#### Source material ####

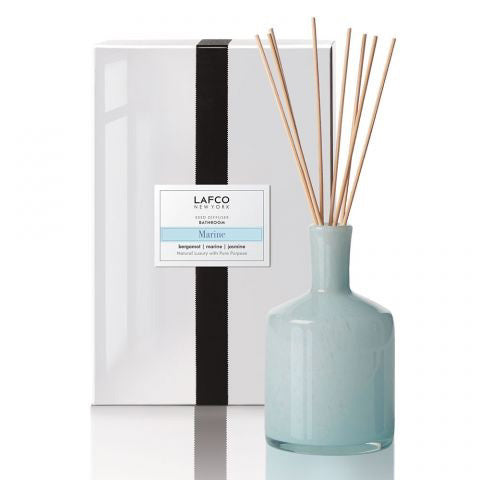 A light blue LAFCO - MARINE BATHROOM DIFFUSER bottle with multiple reed sticks is positioned in front of a white box adorned with a black vertical stripe. The box features the &quot;LAFCO New York&quot; label, and the diffuser is named &quot;Marine,&quot; combining notes of bergamot and sea jasmine for a refreshing coastal aroma.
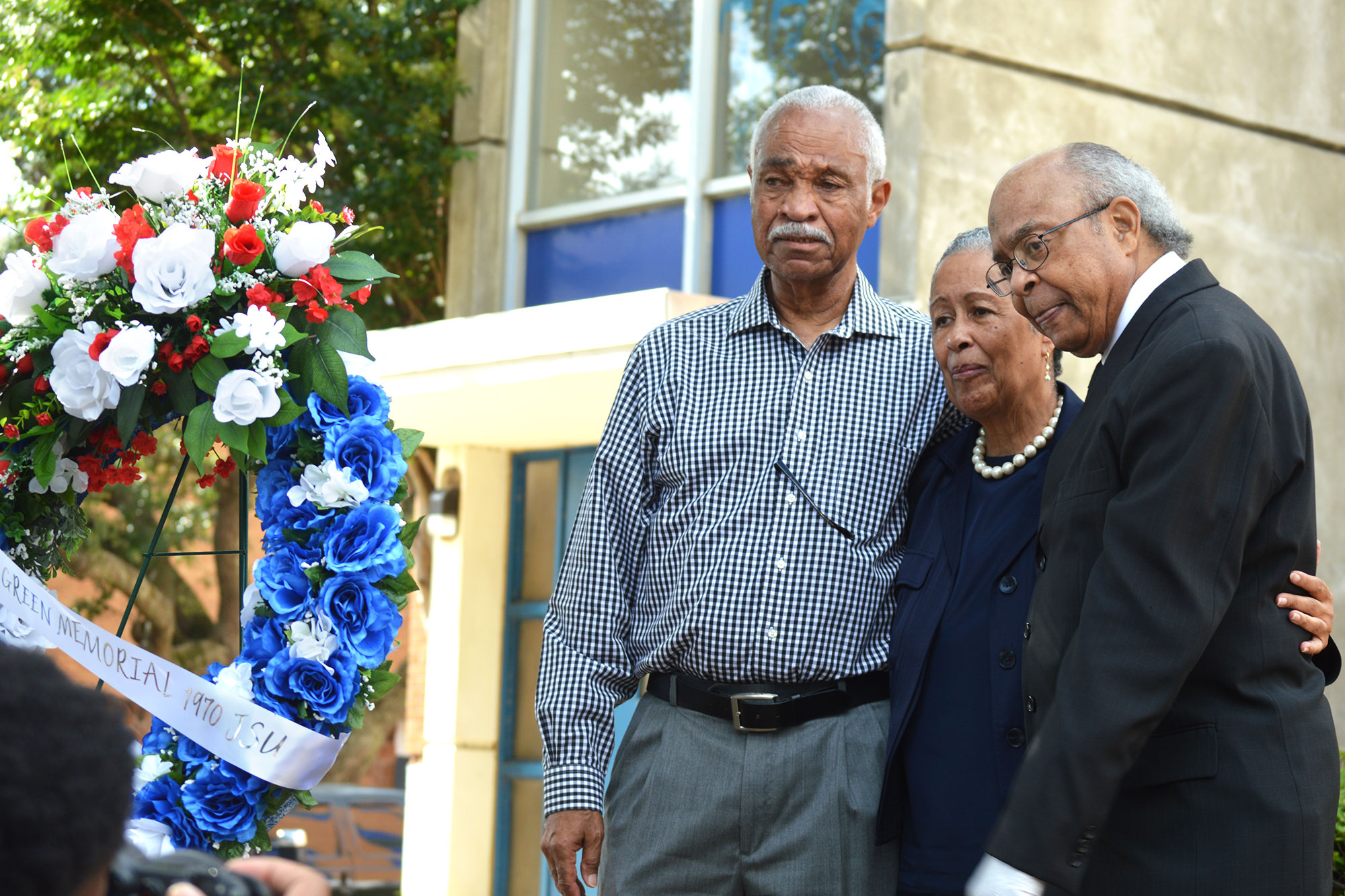 Three JSU alumni hug close and look on at a commemorative wreath made of blue and white roses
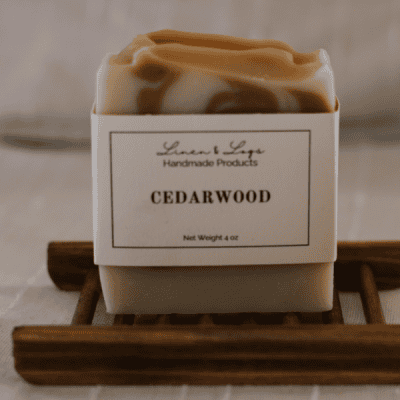 a bar of cocoa and white swirl Cedarwood Soap made from lard and shea butter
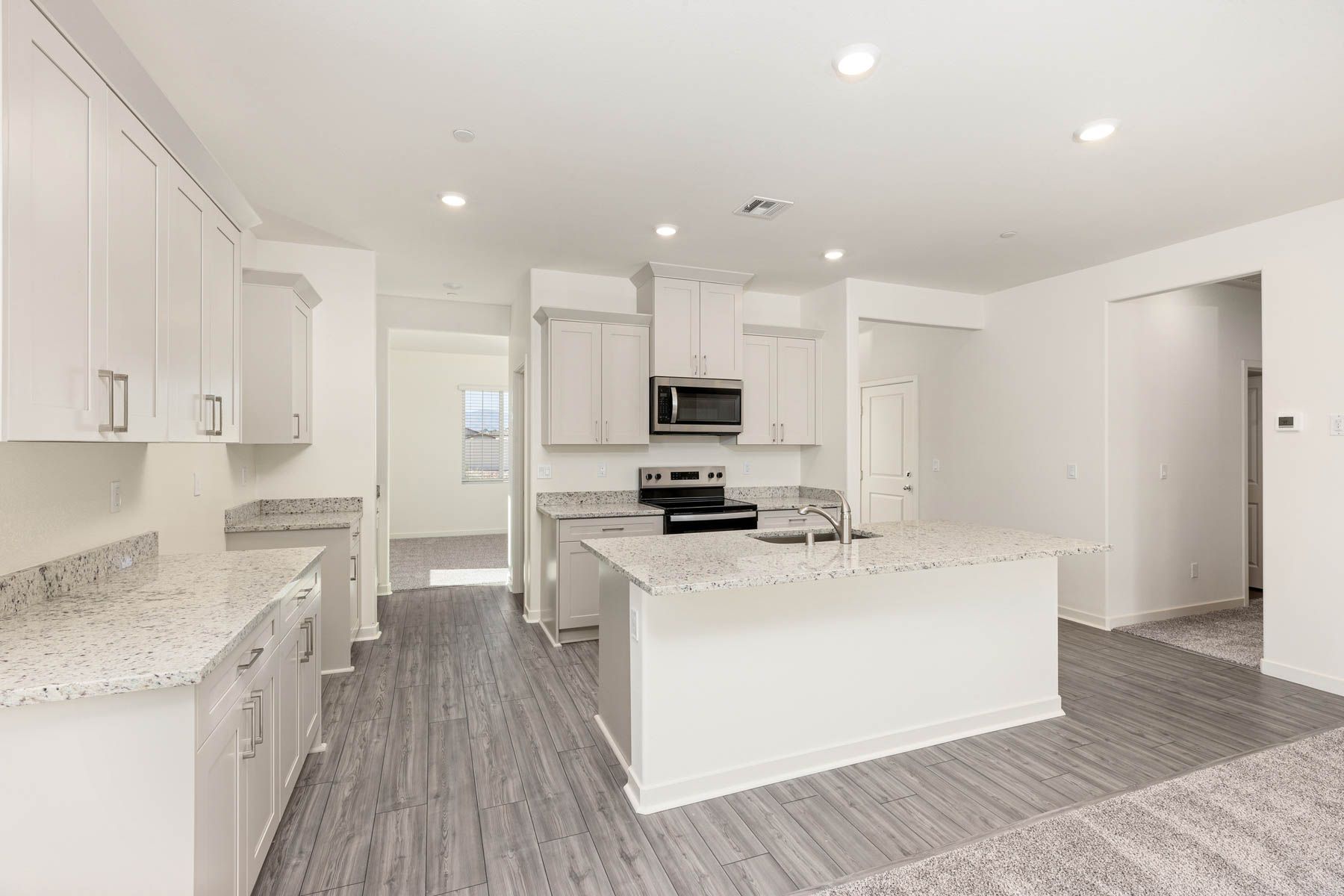 The kitchen has stainless steel appliances and plank flooring.
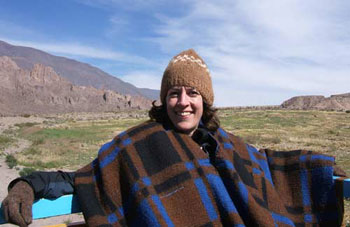 Polly Evans wraps herself in wool to ward off the chilly air outside the city of Salta in northern Argentina.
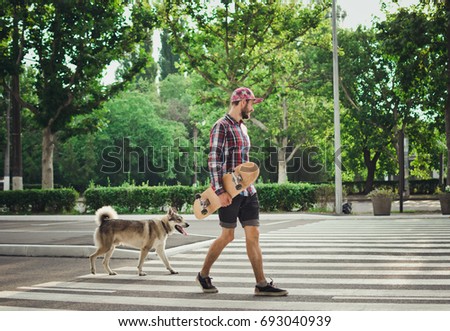 Young man walking with skateboard and siberian husky dog on street road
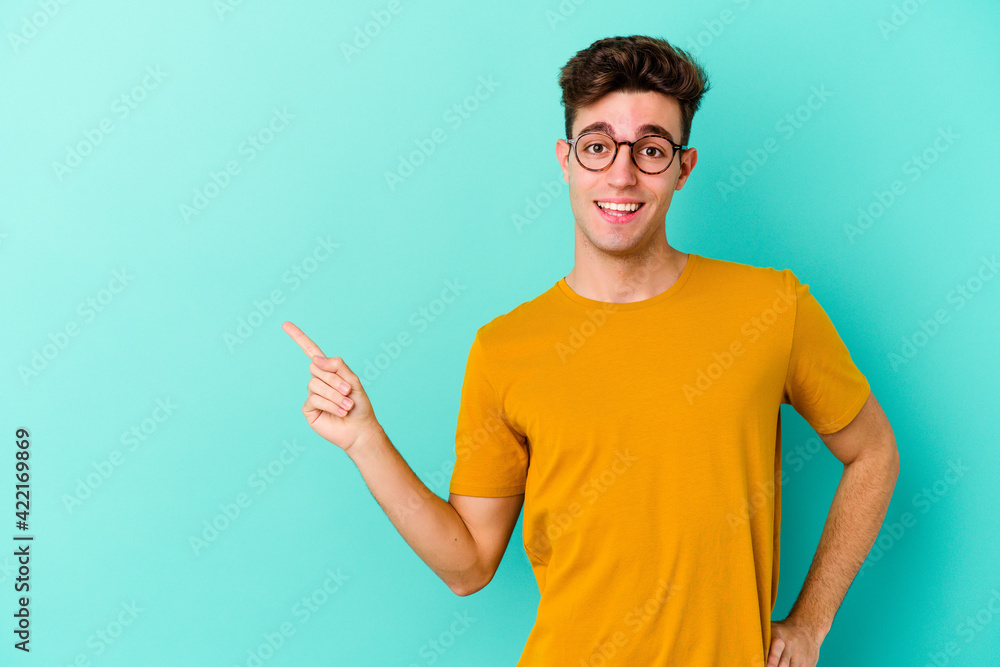 Young caucasian man isolated on blue background smiling cheerfully pointing with forefinger away. Young caucasian man isolated on blue background smiling cheerfully pointing with forefinger away.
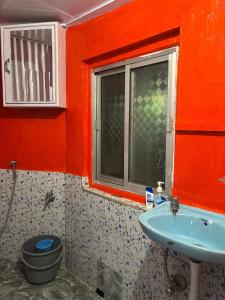 a bathroom with a toilet and a sink at Blue Valley Escape in Darjeeling +13 photos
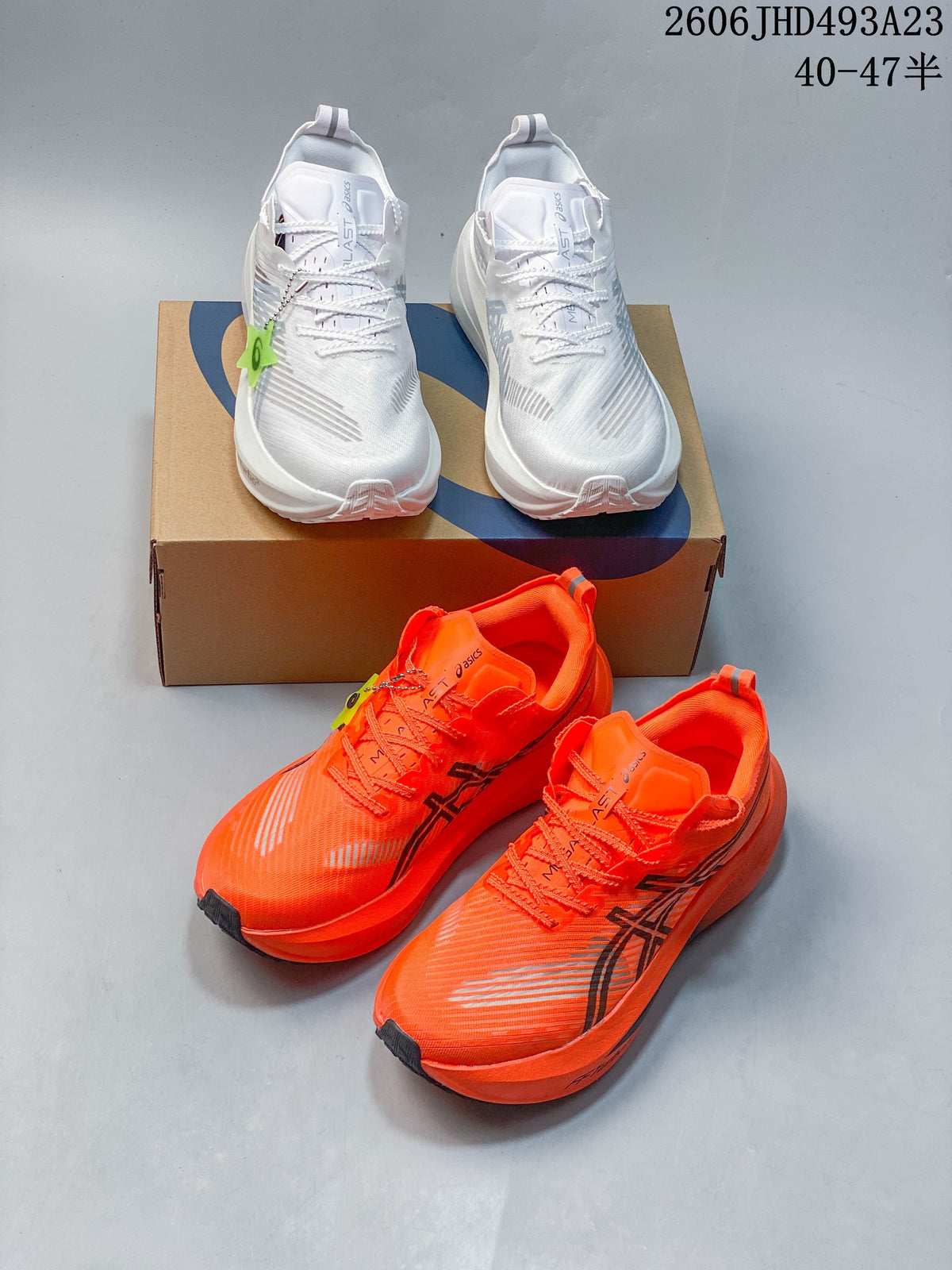 White and bright orange ASICS MAGIC SPEED FF TURBO running shoes shown together.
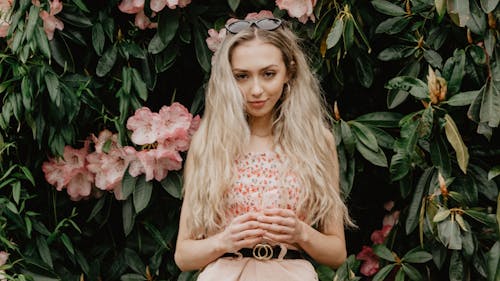 Free Woman Standing Against Flowers Stock Photo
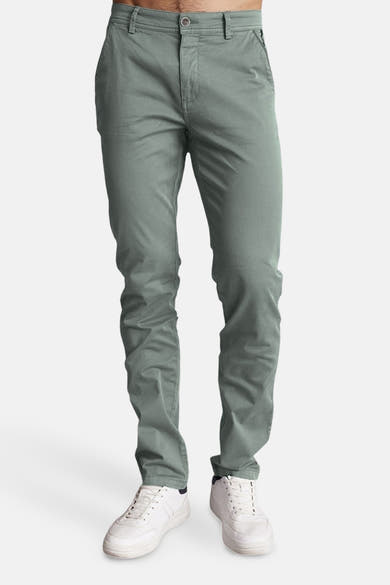 Pantalon vert de DELAHAYE, coupe ajustée, porté avec des chaussures de sport blanches.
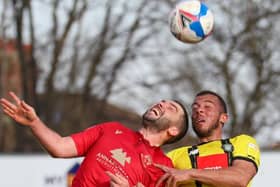 Harrogate Town striker Aaron Martin competes in the air with Morecambe's Alex Kenyon. Pictures: Matt Kirkham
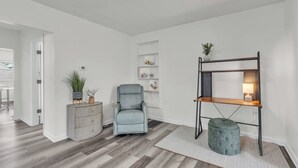 A modern living room with a grey armchair, a wooden console table with plants, a metal shelving unit with a lamp, and a grey ottoman.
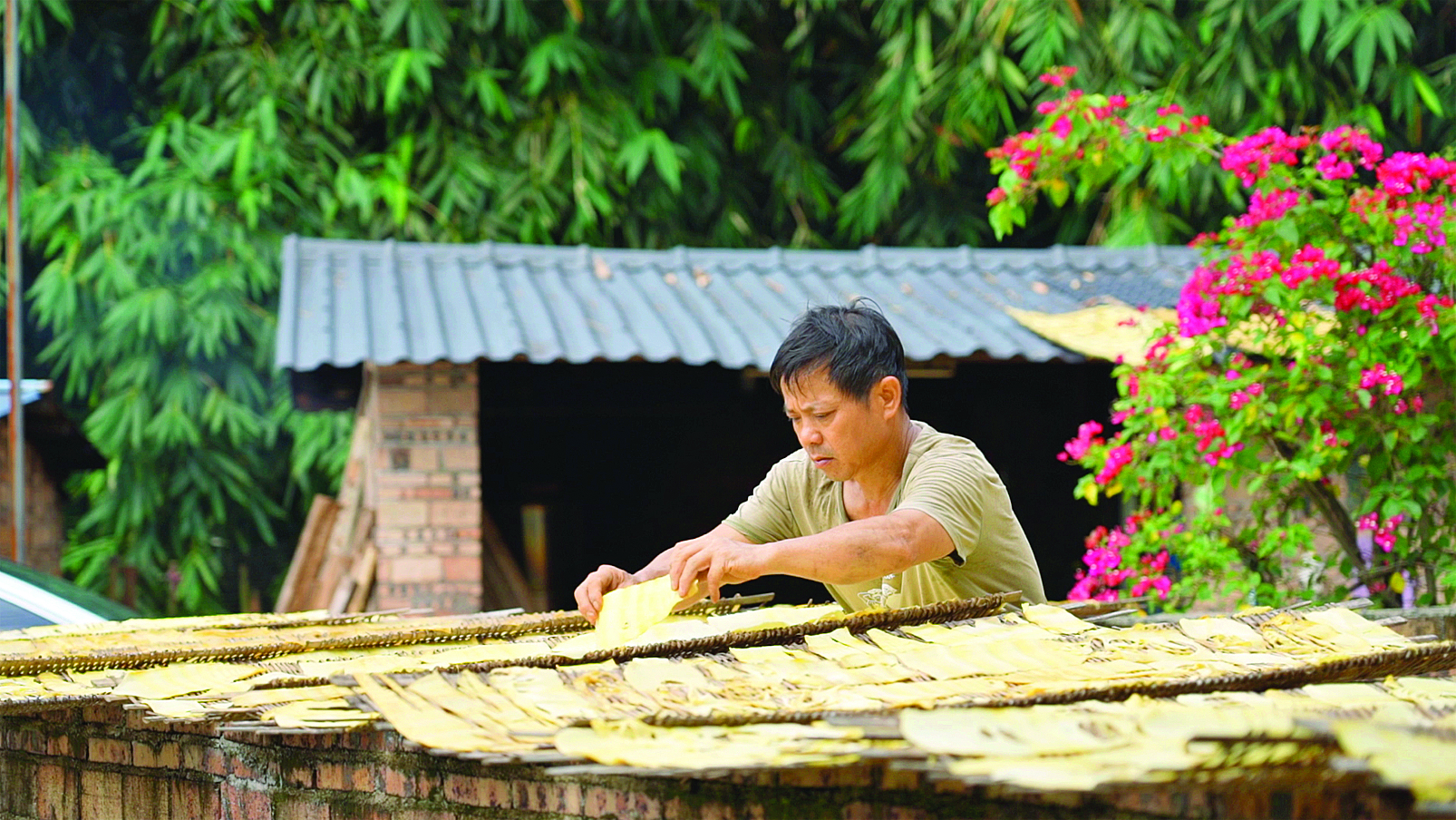     村民将笋片均匀地铺在竹匾上。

####

Exercise => Copy exactly, and copy nothing else: the lines from the one containing "Free Woman Standing" through the end of the data, both ends included, with pictures left out.

Output of the exercise =>
 Free Woman Standing Against Flowers Stock Photo
 Pantalon vert de DELAHAYE, coupe ajustée, porté avec des chaussures de sport blanches.
 Harrogate Town striker Aaron Martin competes in the air with Morecambe's Alex Kenyon. Pictures: Matt Kirkham
 A modern living room with a grey armchair, a wooden console table with plants, a metal shelving unit with a lamp, and a grey ottoman.
     村民将笋片均匀地铺在竹匾上。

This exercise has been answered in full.